Agility will be key for business planning and collaboration

“While we’re all facing big challenges and significant adversity, there’s an incredible motivating factor to drive change in your business. Things that used to take months or years can now take place in days or weeks. There’s no better time than when everything is up in the air to take a look, reshuffle everything and drive change based on how you can really deliver for your customers.”

“Agility” has been an industry buzzword for years, but COVID has uncovered many success stories and lessons learned in agile working. Duncan Blair, Director of Marketing for Article, shared how COVID has reaffirmed the DTC brand’s data-driven approach to customer experience, and why agility is key to helping the business always learn, improve and find new opportunities for differentiation.

Marketing will need to prioritize value amplification

“Are brands doing something meaningful or just ticking the box to say they belong? People are very much looking at things critically to see if brands are taking authentic action and if these actions are going to have impact. Brands and businesses need to be mindful of that and think about how they partake and react, and what their role should be.”

As COVID reached its peak, the U.S. experienced a social uprising with the Black Lives Matter movement, creating a perfect storm for marketing and communications professionals, as they struggled to answer: What is the best way to engage with our audience? What is our position on health, safety and social issues? Brian Rafferty of Siegel+Gale shared his perspectives on this critical point in the marketing profession, and what brands and businesses can do to set their strategies for the future.

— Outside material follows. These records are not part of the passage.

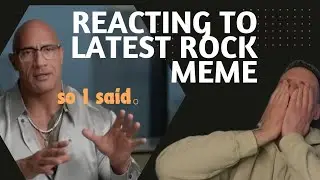 Latest Rock meme | reacting to social media #wwe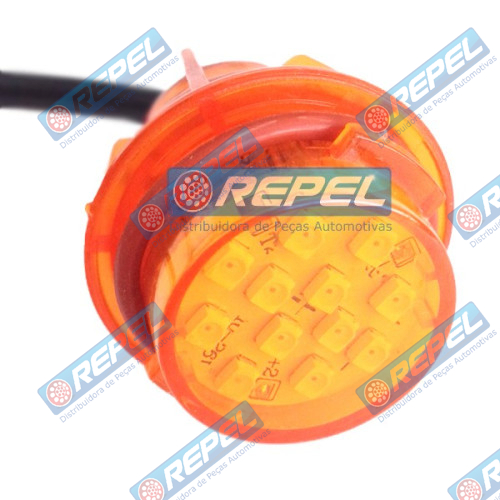 Soqled (SOKLED) SMD Bivolt Amarelo 1polo e 2polo Universal Carretas e Caminhões Lanternas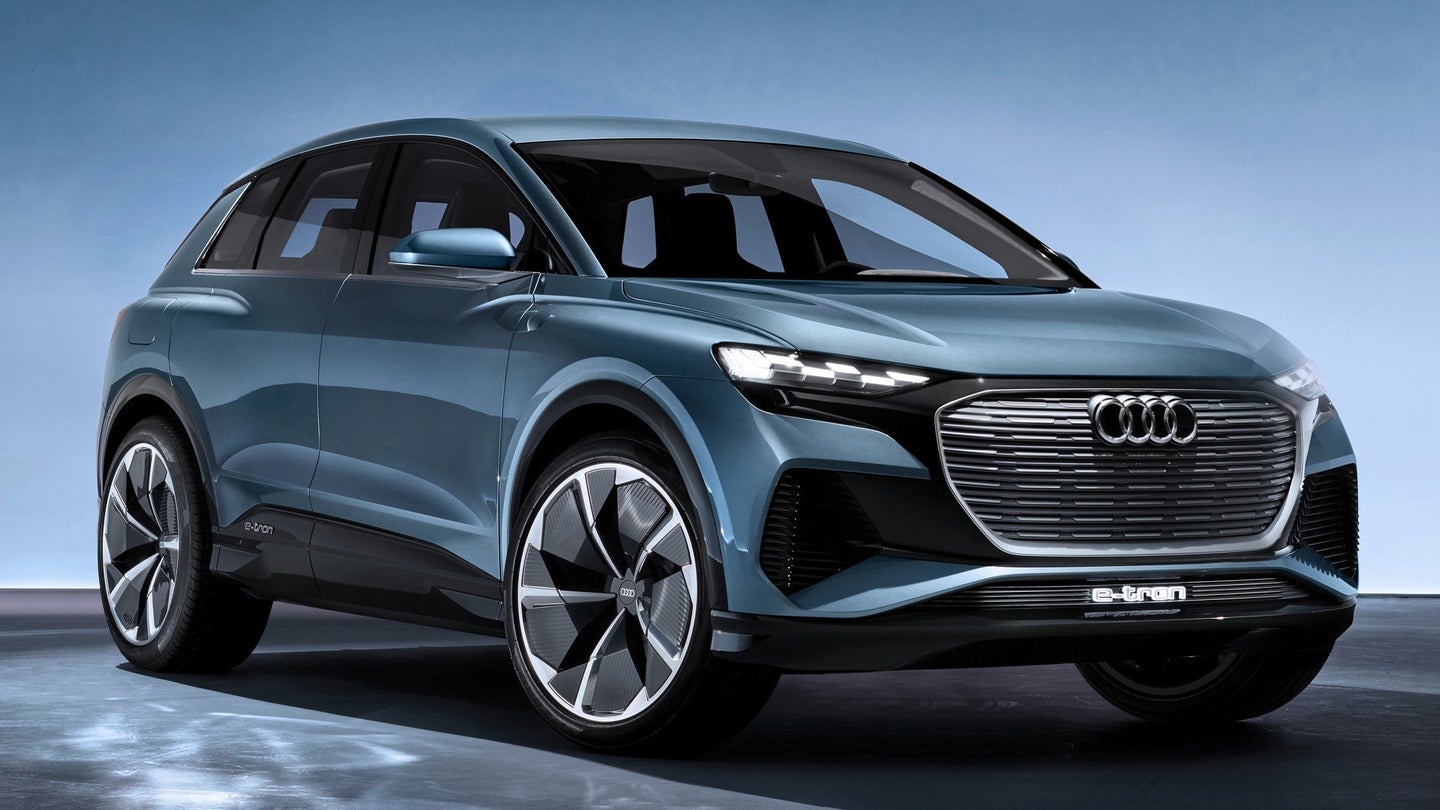 Audi Q4 E-Tron Electric Crossover Concept With 280-Mile Range Debuts at Geneva Motor Show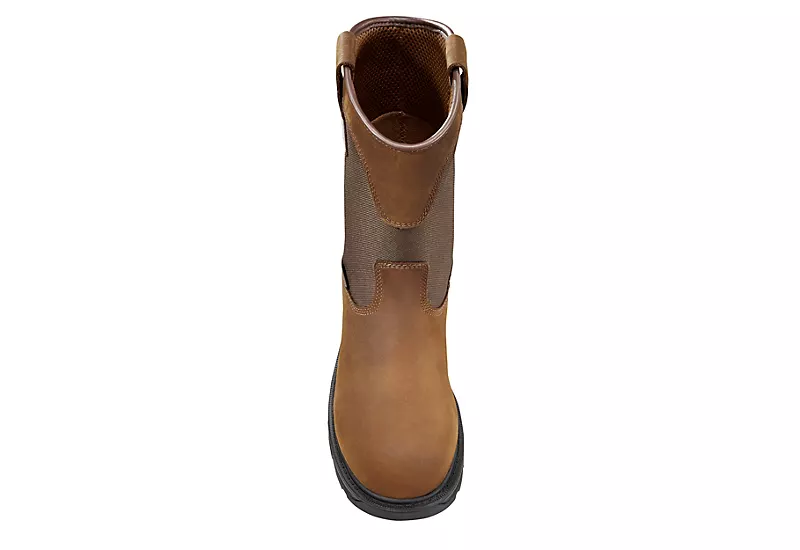 Carhartt Mens Ironwood Waterproof 11-inch Wellington Work Boot - Brown - Image 3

Adoption of digital tech will continue to accelerate

“Consumers that have learned to rely on digital shopping tools more are likely to permanently adopt them. A lot of evidence points to the growth being among first-time users, so in general you should predict those things are going to stick.”

Prior to the pandemic, about 50% of all purchase decisions were influenced by digital channels. Jason Goldberg, Chief Commerce Strategy Officer for Publicis, now believes it’s closer to 70%. Although Goldberg thinks many consumers will fully adopt new digital tools for browsing and buying, he warns retailers that they shouldn’t look at “over-hyped” technology as a panacea for their challenges. Instead, they should take a strategic approach to technology adoption that’s driven by category-specific use cases and end-user value.

Brands will need to balance digital and physical more carefully

"Brands and retailers have to be careful to not jump too much on the bandwagon of just digital, just automation and no human interface at all. That's not going to be a good differentiating factor anymore. It’s going to be about having all these digitally optimized solutions but having an element of human touch and personalization.”

Everyone’s talking about the shift to digital channels, but many experts believe that in-person experiences — or at the very least face-to-face interaction — will play more important roles than ever. Based on GlobalWebIndex research, Virna Sekuj believes that brands will need to balance digital and physical channels more carefully to find the right mix to help their brands differentiate.